[Short descriptive text snippets]

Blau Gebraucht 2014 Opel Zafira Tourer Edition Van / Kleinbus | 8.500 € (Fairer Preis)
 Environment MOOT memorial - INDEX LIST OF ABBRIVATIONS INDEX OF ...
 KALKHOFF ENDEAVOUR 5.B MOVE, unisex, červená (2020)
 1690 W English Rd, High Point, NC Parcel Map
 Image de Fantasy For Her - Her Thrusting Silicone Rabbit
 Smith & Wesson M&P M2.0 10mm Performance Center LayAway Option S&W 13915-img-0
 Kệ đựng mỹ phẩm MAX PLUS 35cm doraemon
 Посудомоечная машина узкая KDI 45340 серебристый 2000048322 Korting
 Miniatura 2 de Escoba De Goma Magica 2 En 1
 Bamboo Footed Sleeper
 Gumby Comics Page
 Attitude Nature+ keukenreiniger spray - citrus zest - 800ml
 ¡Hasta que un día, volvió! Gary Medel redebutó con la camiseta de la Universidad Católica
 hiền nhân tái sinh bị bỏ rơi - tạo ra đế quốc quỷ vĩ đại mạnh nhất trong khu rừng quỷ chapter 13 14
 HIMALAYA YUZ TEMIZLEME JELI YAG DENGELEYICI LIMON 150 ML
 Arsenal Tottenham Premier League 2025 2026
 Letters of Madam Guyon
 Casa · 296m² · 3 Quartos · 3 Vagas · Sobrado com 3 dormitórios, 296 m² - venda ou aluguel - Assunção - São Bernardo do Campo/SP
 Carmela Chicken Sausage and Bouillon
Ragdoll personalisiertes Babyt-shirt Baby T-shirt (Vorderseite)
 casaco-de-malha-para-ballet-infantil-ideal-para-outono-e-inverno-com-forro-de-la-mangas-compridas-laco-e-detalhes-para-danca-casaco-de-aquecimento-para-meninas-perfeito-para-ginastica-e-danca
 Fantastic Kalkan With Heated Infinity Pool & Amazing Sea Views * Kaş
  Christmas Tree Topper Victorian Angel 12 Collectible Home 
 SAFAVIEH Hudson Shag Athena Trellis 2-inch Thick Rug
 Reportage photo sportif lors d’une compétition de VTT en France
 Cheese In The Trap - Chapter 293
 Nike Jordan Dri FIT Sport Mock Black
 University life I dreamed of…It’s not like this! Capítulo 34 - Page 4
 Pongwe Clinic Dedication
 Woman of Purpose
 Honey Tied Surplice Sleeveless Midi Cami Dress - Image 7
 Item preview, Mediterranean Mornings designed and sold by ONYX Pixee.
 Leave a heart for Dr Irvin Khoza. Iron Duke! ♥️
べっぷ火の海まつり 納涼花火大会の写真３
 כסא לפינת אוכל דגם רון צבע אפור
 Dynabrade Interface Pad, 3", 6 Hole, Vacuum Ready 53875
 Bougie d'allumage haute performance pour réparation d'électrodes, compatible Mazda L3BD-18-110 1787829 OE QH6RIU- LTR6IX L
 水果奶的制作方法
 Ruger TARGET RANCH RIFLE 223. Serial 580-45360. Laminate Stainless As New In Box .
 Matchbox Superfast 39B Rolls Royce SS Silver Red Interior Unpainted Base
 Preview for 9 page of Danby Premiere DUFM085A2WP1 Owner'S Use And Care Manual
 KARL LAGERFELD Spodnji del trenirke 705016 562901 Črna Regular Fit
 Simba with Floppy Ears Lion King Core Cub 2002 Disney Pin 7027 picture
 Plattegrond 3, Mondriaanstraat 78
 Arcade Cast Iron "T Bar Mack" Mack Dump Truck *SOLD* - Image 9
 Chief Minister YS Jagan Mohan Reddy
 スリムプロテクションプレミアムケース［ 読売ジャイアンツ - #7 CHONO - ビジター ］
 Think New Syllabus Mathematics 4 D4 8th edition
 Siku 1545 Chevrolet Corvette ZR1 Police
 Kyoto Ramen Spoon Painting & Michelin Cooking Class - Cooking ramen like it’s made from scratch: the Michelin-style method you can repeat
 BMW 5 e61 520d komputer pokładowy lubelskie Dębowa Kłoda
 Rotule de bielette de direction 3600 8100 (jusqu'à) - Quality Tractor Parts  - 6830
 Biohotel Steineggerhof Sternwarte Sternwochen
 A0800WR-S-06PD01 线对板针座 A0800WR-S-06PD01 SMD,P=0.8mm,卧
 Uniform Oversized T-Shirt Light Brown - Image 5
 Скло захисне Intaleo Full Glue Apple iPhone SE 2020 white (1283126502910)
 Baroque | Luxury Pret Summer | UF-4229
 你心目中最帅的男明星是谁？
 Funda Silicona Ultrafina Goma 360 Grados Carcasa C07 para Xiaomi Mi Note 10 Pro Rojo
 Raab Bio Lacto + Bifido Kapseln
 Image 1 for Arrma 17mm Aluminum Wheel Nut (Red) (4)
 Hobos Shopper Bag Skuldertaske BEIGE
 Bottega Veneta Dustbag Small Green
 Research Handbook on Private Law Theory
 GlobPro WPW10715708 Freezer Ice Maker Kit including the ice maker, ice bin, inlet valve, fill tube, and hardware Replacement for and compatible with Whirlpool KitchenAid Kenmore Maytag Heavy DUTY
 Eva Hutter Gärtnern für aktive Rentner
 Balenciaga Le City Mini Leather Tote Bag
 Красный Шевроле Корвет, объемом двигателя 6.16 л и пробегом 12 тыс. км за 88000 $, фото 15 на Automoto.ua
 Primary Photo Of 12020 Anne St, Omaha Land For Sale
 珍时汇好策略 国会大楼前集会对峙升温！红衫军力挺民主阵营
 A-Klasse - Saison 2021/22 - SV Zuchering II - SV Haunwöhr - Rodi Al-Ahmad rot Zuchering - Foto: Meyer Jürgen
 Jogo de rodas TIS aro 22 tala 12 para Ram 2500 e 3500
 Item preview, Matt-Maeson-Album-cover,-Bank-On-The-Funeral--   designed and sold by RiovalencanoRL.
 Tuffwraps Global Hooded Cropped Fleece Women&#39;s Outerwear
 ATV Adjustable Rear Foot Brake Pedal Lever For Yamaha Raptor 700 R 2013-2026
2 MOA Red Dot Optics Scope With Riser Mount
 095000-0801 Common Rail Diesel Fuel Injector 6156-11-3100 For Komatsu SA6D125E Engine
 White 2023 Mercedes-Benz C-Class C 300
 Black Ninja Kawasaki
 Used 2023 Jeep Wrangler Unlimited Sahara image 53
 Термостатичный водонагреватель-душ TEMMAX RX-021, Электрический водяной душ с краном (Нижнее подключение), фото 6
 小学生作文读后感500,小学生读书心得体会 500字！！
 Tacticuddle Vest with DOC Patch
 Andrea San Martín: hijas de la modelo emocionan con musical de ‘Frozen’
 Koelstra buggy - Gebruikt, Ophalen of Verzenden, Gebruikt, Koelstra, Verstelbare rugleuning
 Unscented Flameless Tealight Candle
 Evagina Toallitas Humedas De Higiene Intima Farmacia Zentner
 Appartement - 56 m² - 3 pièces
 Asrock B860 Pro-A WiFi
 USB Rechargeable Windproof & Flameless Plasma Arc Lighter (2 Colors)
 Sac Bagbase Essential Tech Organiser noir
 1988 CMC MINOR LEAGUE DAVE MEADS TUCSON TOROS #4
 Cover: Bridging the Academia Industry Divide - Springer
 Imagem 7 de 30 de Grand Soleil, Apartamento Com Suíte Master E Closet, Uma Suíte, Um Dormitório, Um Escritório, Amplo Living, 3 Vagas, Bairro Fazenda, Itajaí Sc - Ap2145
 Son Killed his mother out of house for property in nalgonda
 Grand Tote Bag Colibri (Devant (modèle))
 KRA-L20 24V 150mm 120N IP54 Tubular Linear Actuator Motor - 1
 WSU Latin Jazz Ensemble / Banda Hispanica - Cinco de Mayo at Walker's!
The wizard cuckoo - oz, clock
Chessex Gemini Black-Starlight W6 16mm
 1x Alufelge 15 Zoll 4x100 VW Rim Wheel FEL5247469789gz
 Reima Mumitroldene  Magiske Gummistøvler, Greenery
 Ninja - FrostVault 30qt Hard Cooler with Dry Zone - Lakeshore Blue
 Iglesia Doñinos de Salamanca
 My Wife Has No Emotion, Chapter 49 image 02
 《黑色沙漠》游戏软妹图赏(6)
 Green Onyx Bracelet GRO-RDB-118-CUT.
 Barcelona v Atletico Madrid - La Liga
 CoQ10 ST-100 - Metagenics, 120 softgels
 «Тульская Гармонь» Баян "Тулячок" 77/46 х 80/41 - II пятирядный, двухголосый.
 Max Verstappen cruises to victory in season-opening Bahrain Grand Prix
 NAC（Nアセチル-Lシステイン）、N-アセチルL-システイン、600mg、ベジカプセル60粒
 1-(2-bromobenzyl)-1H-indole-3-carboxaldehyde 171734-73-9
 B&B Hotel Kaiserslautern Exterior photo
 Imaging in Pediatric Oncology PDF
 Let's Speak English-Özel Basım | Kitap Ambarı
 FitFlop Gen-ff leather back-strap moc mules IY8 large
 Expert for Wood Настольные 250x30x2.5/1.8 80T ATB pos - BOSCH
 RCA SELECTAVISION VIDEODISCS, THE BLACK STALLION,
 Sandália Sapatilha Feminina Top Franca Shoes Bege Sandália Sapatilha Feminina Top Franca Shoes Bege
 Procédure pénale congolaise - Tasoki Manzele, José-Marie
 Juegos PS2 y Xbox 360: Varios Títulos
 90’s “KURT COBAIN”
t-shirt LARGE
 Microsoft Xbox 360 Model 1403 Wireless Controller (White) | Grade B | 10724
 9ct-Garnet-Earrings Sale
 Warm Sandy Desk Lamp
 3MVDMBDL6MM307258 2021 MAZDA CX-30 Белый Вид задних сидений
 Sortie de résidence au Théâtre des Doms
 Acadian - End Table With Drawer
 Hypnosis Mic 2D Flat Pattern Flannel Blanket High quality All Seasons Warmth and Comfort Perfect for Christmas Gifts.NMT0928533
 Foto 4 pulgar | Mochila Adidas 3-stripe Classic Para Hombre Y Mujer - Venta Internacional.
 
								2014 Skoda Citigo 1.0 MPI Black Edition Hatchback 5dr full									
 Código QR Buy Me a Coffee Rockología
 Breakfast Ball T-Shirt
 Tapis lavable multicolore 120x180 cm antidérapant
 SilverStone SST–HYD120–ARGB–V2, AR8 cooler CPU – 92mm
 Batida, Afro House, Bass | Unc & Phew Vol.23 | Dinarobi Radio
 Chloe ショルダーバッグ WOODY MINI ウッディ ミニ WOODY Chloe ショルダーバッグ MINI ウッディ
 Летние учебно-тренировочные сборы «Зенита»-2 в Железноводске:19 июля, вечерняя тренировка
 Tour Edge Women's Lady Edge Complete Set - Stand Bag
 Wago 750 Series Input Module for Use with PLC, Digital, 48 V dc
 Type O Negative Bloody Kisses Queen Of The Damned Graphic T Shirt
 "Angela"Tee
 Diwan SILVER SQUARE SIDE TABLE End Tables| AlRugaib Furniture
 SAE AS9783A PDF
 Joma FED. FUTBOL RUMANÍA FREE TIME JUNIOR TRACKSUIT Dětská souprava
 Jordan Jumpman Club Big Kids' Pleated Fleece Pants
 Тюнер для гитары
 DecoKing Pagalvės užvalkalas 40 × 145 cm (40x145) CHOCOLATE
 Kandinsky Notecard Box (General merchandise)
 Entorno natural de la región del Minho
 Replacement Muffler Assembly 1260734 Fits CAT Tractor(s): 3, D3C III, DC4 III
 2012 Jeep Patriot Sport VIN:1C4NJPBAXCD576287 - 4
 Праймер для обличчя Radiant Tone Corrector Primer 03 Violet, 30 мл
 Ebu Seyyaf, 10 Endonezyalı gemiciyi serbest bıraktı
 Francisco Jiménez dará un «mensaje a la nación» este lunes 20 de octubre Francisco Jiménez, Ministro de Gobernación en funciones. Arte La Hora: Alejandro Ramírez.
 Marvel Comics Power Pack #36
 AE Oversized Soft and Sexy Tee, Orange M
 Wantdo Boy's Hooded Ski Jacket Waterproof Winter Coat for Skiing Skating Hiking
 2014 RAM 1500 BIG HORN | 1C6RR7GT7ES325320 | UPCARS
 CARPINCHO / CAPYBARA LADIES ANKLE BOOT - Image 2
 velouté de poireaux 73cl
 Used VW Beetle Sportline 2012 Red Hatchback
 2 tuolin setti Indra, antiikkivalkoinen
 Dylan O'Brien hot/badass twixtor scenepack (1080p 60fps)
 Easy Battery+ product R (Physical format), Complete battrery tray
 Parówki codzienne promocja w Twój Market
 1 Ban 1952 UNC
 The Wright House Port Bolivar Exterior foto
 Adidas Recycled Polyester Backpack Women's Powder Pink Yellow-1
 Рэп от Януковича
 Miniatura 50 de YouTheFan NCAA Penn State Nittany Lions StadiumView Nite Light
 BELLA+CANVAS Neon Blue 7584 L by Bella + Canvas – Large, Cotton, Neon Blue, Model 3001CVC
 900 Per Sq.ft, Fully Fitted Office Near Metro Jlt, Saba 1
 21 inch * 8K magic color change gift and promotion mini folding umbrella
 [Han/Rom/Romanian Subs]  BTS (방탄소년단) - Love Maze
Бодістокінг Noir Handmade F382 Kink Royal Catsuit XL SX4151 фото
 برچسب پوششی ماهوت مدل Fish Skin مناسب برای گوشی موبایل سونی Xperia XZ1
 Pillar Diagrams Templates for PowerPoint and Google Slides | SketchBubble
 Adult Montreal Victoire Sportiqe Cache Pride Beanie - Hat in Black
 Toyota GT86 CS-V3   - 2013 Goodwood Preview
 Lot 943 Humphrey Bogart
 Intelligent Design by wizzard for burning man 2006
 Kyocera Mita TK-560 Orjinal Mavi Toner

▶ WHAT YOU ARE ASKED TO DO: Every line above that holds the word "like" is to be found and copied.

▶ RESPONSE AREA:
 University life I dreamed of…It’s not like this! Capítulo 34 - Page 4
 Kyoto Ramen Spoon Painting & Michelin Cooking Class - Cooking ramen like it’s made from scratch: the Michelin-style method you can repeat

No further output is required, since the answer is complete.